Violência infantil cresce 31% em Sorocaba
Escuta Especializada do Gpaci registra aumento de casos no primeiro semestre
Desde sua implantação, em setembro de 2021, o Serviço de Escuta Especializada do Gpaci (Grupo de Pesquisa e Assistência ao Câncer Infantil), realizado em parceria com a Prefeitura de Sorocaba e o Ministério Público, tem se consolidado como um importante mecanismo de acolhimento para crianças e adolescentes vítimas ou testemunhas de violência. O aumento dos atendimentos, no entanto, revela um dado preocupante: somente no primeiro semestre de 2025, o número de casos cresceu 31% em relação ao mesmo período do ano anterior, de 472 para 619.
A iniciativa é fruto de uma articulação com a promotora de Justiça da Vara da Infância e Juventude, Cristina Palma, e atende exclusivamente crianças e adolescentes de Sorocaba, embora funcione dentro do Gpaci, que recebe pacientes oncológicos de 47 municípios da região. A escuta não tem caráter investigativo, e sim protetivo e acolhedor, como explica a coordenadora do serviço, Giovanna Leme: “A criança só deve contar uma vez. Se ela precisar repetir o relato, cada vez que ela fala, ela revive o trauma.”
A equipe responsável pela escuta é formada por seis profissionais _ três psicólogos, dois assistentes sociais e uma coordenadora _ todos com formação específica, conforme determina a legislação. Os relatos são colhidos com cuidado, por meio de conversas, desenhos e brincadeiras, e transformados em relatórios encaminhados aos órgãos competentes, como o Conselho Tutelar, Centros de Atenção Psicossocial (Caps) e Delegacia de Defesa da Mulher (DDM).
Apesar da importância do serviço, a presidente do Gpaci, Maria Lúcia Neiva de Lima, admite surpresa com a demanda. “Nós nos assustamos com os números. Isso mostra que o problema é maior do que imaginávamos, mas também indica que mais crianças estão sendo ouvidas”, destaca.
Entre os tipos de violência registrados, o crescimento mais expressivo foi nos casos de agressão física, com alta de 38,7% _ de 155 em 2024 para 215 em 2025. Já os casos de violência sexual, embora tenham crescido 2,5%, seguem entre os principais motivos de encaminhamento: foram 247 registros neste ano. A maioria das agressões ocorre dentro do próprio lar: 540 casos, 143 a mais que no ano anterior.
Para Giovanna, o aumento pode estar relacionado à maior conscientização da população e à visibilidade do serviço. “Antes, muitos casos não eram denunciados.

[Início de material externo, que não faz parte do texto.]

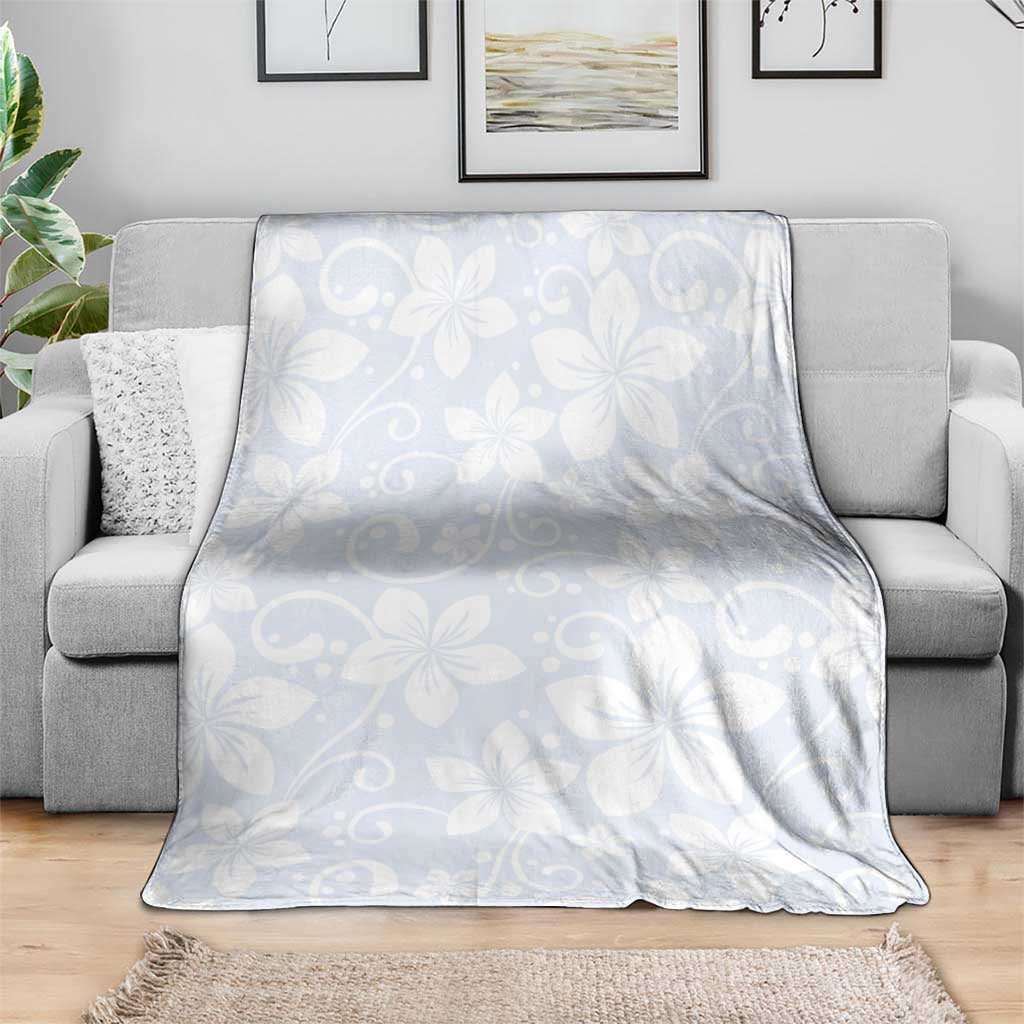 Plumeria Floral White Sunday Blanket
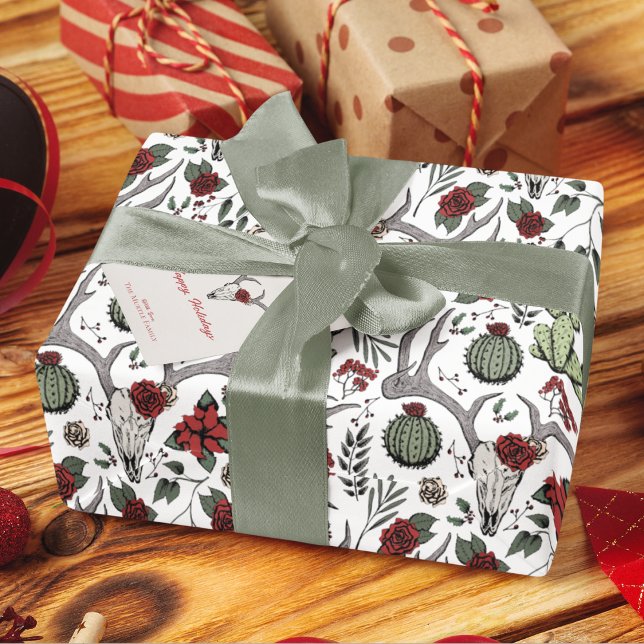 Country Western Christmas Floral Reindeer Skull Wrapping Paper (Country Western Bull Skull Reindeer Skull, Red Roses, Cactus, & Winter Berries. White Background.)
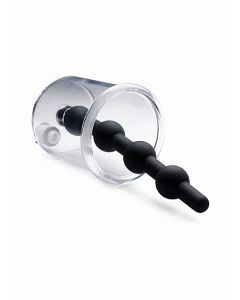 Rosebud Cilinder Met Siliconen Anal Beads - Zwart binnenkant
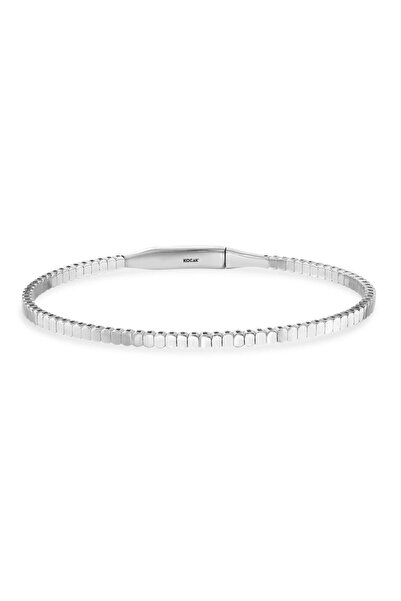 Koçak 14 Ayar Tier Tasarım Flex Beyaz Altın Kelepçe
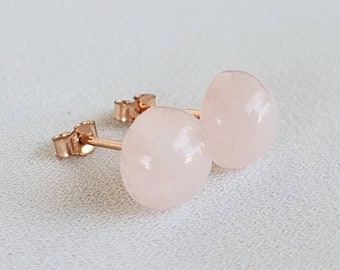 14k Rose Gold Silver Rose Quartz Silver Stud Earrings - Gemstone Jewelry - 8mm Large Rose Quartz Earrings - Sterling Silver Studs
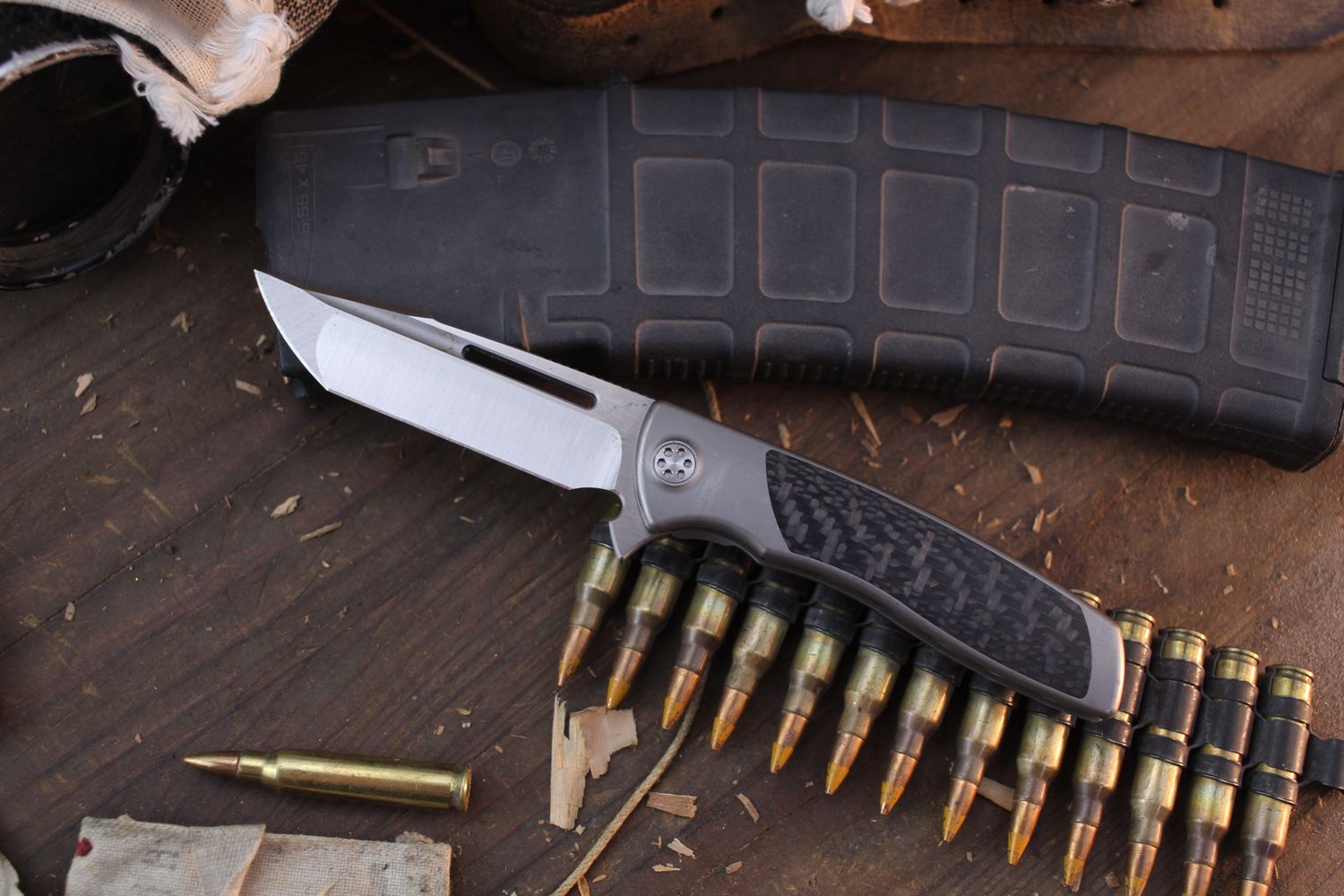 Sharp By Design Mini Evo Harpoon 3.25&quot; Framelock Flipper / Satin Titanium &amp; Carbon Fiber Inlay / Satin M390 ( Pre Owned )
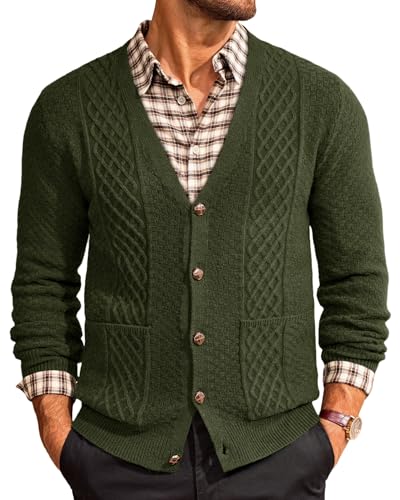 Runcati Mens Cardigan Sweater Casual V Neck Cable Knitted Cardigans Button Down Winter Chunky...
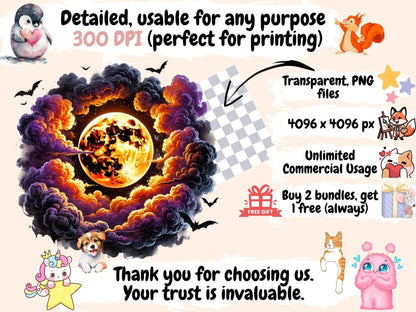 Halloween Moons (P2) Clipart Creepy Moon Art - Wonders Artist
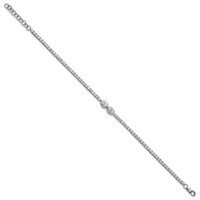 14K White Gold 2.75 Carat Lab Grown Diamond VS+ F+ Complete Bracelet with 1in Ext. Fashion Tennis, 6.5" view 2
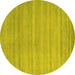 Round Abstract Yellow Contemporary Rug, con91yw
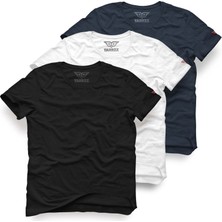 Tarrzzcom Basic Tişört  Unisex Kadın ve Erkek 3'lü Tişört Seti, Basic T-Shirt Set,pamuk Kısa Kollu Bisiklet Yaka Çok Renkli T-Shirt, %100 Terletmez Pamuklu Siyah-Mavi-Beyaz Tişört Seti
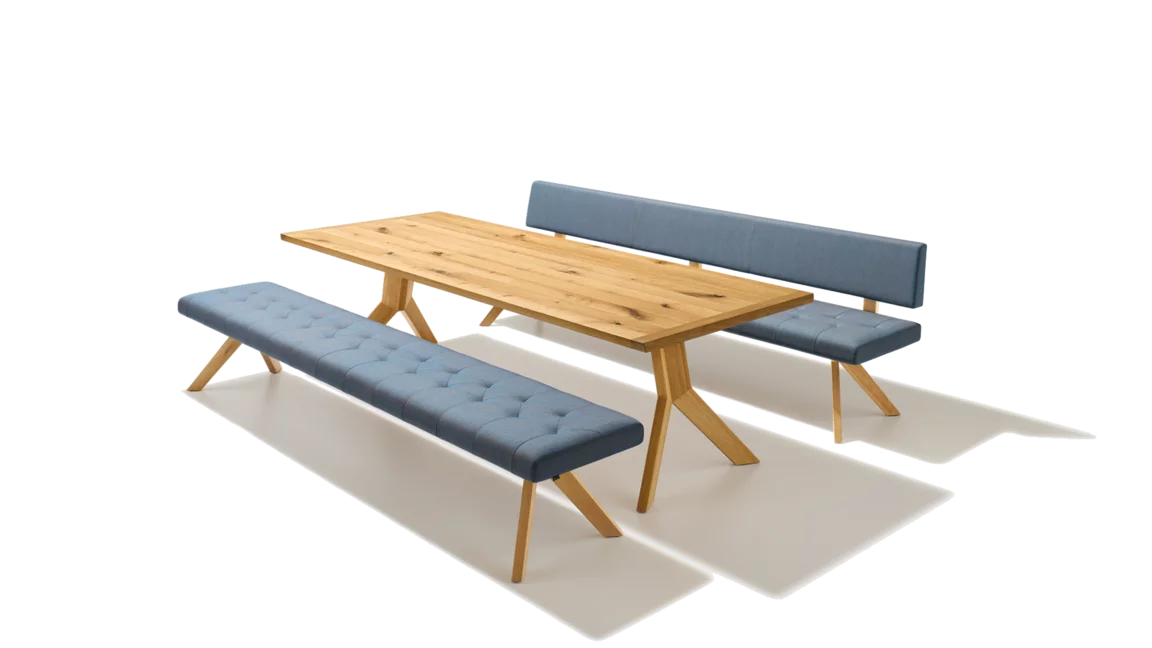 dining table yps extendable made of solid wood in oak with elegant lui chairs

Agora, com mais informação, as pessoas estão procurando ajuda. As escolas, conselhos tutelares e UBSs sabem como encaminhar essas crianças”, explica.
O perfil das vítimas também revela crescimento em todas as faixas etárias. Entre 0 e 5 anos foram 146 atendimentos (contra 102 em 2024), entre 6 e 11 anos, 275 (aumento de 48), e entre 12 e 17 anos, 198 (aumento de 55). O número de meninos atendidos também cresceu de forma significativa: de 154 para 251 _ alta de 63%.
A missão da equipe é garantir um espaço seguro para que as vítimas possam se expressar. “Precisamos ter preparo técnico e emocional. Quando nos assustamos com o relato da criança, ela entende que não deveria ter falado. E aí ela se cala”, alerta Giovanna.
Maria Lúcia reforça que divulgar o serviço é essencial, tanto para estimular denúncias quanto para inibir agressores. “Muita gente ainda não sabe que esse trabalho existe. Quanto mais pessoas souberem, mais protegidas estarão nossas crianças. É como no câncer: o primeiro passo é quebrar o silêncio e buscar ajuda.”
O Serviço de Escuta Especializada do Gpaci funciona das 7h às 19h, com possibilidade de atuação emergencial. Os atendimentos são feitos mediante encaminhamentos de escolas, unidades de saúde, conselhos tutelares e delegacias. Casos suspeitos de violência podem ser denunciados diretamente ao Conselho Tutelar.